The question thus presented for determination is, what is a proper case in which an officer can demand indemnity for levying an execution upon property or for making sale thereof under such execution? In order to arrive at a proper solution of this question, it is well to examine what are the duty and responsibility of such an officer under the common law when he receives an execution, and to what extent that duty and responsibility have been modified or relaxed by the practice of our courts or the statutes of our State. By the common law it is the first duty of such an officer after he receives an execution to make reasonable effort and inquiry to ascertain whether the defendant in the execution has any property in his township or county subject to levy; and if he finds any such property in the possession of the defendant, it is his duty to levy the execution thereon; and it was his duty to make such levy whether the property was claimed by a third person or not. It devolved upon the officer, under the common law, to show that such property was not subject to execution, if he failed to make the levy. On the other hand, if he made the levy and the property actually belonged to a third person, he became liable to the true owner for trespass or conversion. In this dilemma, he could not, under the common law, demand indemnity from the plaintiff, even though the third person asserted his title to the property in the most solemn manner. In the performance of his duty the officer was thus required to act at. his peril. '
But this embarrassing position of such officer has been greatly modified, and his responsibility relaxed, both by the practice of the courts and the statutes of the various States. By the English practice the officer was permitted to show to the court issuing the writ that disputes in reference to the title to the property existed; and it was discretionary with the court to interpose its protection; and this discretion seems always to have been exercised in his favor whenever it appeared that doubts in regard to the title to the property were reasonable and the officer acted in good faith. And therefore it permitted the officer to obtain indemnity in cases where the title was involved in substantial doubt.

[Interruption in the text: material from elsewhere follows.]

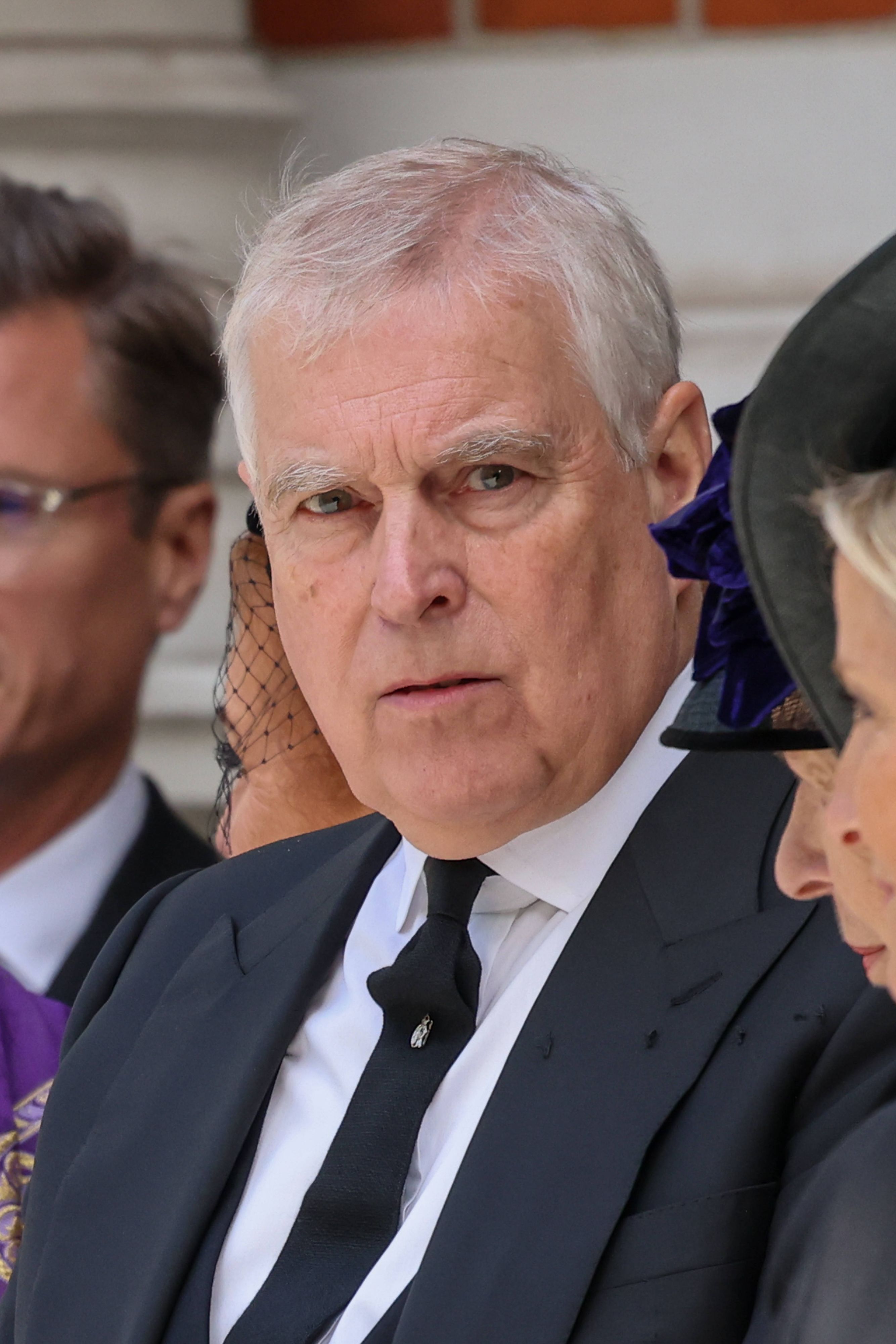 Prinze Andrew wurde seine Nähe zu Jeffrey Epstein zum Verhängnis.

In many of the States it is provided by statute under what circumstances an officer may demand a bond of indemnity. And the- general effect of these statutory provisions and the practice of the courts is that where reasonable doubt exists either - with respect to the title or to the defendant’s right to hold the property as exempt from execution, the officer may demand indemnity from the plaintiff, and upon his failure or refusal to give same the officer is warranted in not seizing or not holding the property. But a mere suspicion or rumor that the property was not subject to seizure, it is held in a great majority of the States, will not excuse the officer in his failure or refusal to make a seizure, if the property is in fact subject to the execution. 25 Am. & Eng. Ency. Law (2d Ed.), 692, 693; 2 Freeman on Executions, § § 254, 274a, 275; Whitsett v. Slater, 23 Ala. 626; Marshall v. Simpson, 13 La. Ann. 437; Parks v. Alexandria, 29 N. C. 412.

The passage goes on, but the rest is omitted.